Saxon and Norman furniture would have been basic in quantity and quality. The two essentials in their lives were “bed and board,” a phrase still used today, the ‘board’ was literally a board or boards, set up on trestles or tree stumps used for a table and a bed.
The bed clothes would consisted of pillows, quilts and fur rugs, and would have only been for the wealthy, everyone else would have slept on the floor of the hall, around the fire.
The Saxon bed was usually made up against a wall, as a type of bunk or cabin, sometimes in a recess, with a rough mattress placed on boards, together with covers, and curtains suspended from above. The curtains could be drawn to keep draughts and light out, but warmth and illness in. The bedstead referred to the place (stead) where the bed was made, but when the bench developed into more elegant furniture, it still kept the name.
In the later Saxon period, some bedsteads were wooden platforms with bedding placed on them. The Norman bedstead was similar, but sometimes had curtains drawn at the sides, hung from horizontal iron rails, which were attached to and projected from the wall.
The truckle bed was progress from the rough plank. It was a plain, low framed bedstead, ( later used for many years as a bedstead in the basic servant’s quarters). A lady’s maid would sleep on the floor beneath the bedstead of her mistress, and the trenchor chaplain would “lie upon the truckle, whilst his young master lieth o’er his head.” (Hall’s Byting Satyres, 1599).
In the 13th century, a canopy or tester was introduced, suspended by cords from the beams above, on which curtains were hung. This developed into a bed chamber which was becoming more common by the 14th century. Then came an elegant bedstead, called the Arabian, and perhaps first found by our ancestors during the crusade, with bed curtains hung from wooden or metal rails.
The four post or great standing bed was introduced in the 15th century, and was probably brought from Austria, they developed into an enormous size. The Great Bed of Ware (now in the Victoria and Albert Museum), filled half the chamber, which measured 11 feet square, this was however an exceptional size, and not the norm.
A Tradition of a Royal Bedstead
Roger Twysden relates an anecdote illustrating the introduction of the four post bed. (Notes and Queries, Second series, vi. 102)

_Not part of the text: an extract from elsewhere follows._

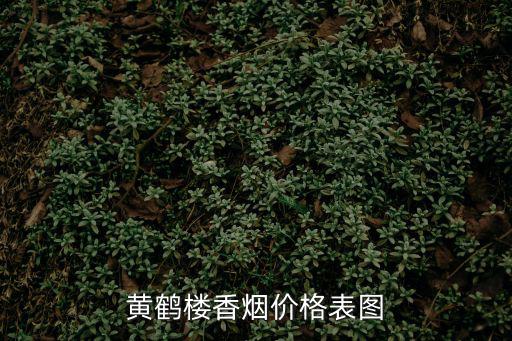 黃鶴樓香煙價格表圖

On the 21st of August, 1485, Richard III arrived at Leicester. The charioteers had proceeded him with the running wardrobe, and in the best chamber of the “Boar’s Head” a ponderous four-post bedstead was set up: it was richly carved, gilded and decorated, and had a double bottom of boards. Richard slept on it at night. After his defeat at Bosworth field, it was striped of its rich hangings: but the heavy and cumbersome bedstead was left with the landlord, and continued to be an attraction for years to come and the glory of the “Blue Boar,” being transmitted from tenant to tenant as a fixture. In the reign of Queen Elizabeth, the “Blue Boar” was kept by one Clark, who’s wife one day, while shaking the bed, noticed an ancient gold coin roll on the floor; this led to careful examination, the double bottom was discovered, lifted up, and the interior was found to be filled with gold, partly coins of Richard III., and the rest from earlier times. This bedstead with its old tradition long continued to be one of the sights of Leicester.

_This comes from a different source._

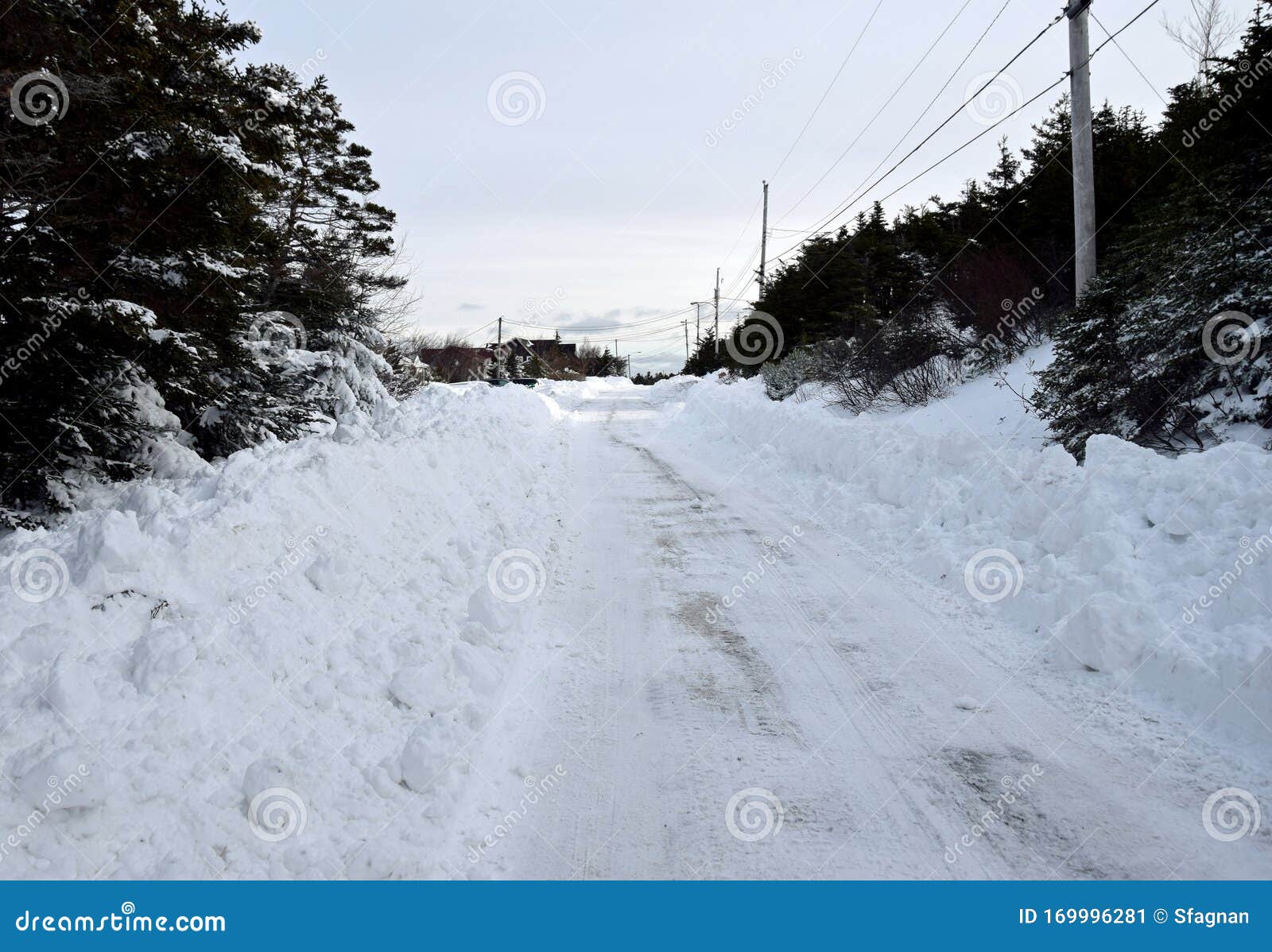 Snow Covered Road through a Forest Stock Image - Image of weather ...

Mediaeval beds and bedding
The term ‘bed’ once embraced not only what we know as the bed, but the curtains, hangings, tester, celour and all necessary appendages. The simple form of the earlier bedsteads did not allow much scope for displaying such trimmings, but the ancient coverlids, or counterpoints, were exceedingly handsome made with gold cloth, adorned with a fringe. At the head of the bed was hung a dorsar, as rich and costly as any that distinguished the state chair in the hall. The bedding in Henry III’s palaces were magnificent, but fourteenth century barons surpassed these with beds made with rich silk fabrics from the East, fairly common with French nobility, however rarer in England. Isabella, wife of Sir William Fitz-William left, in 1348, “a bed from India with carpets.” (Test. Ebor.,p.50)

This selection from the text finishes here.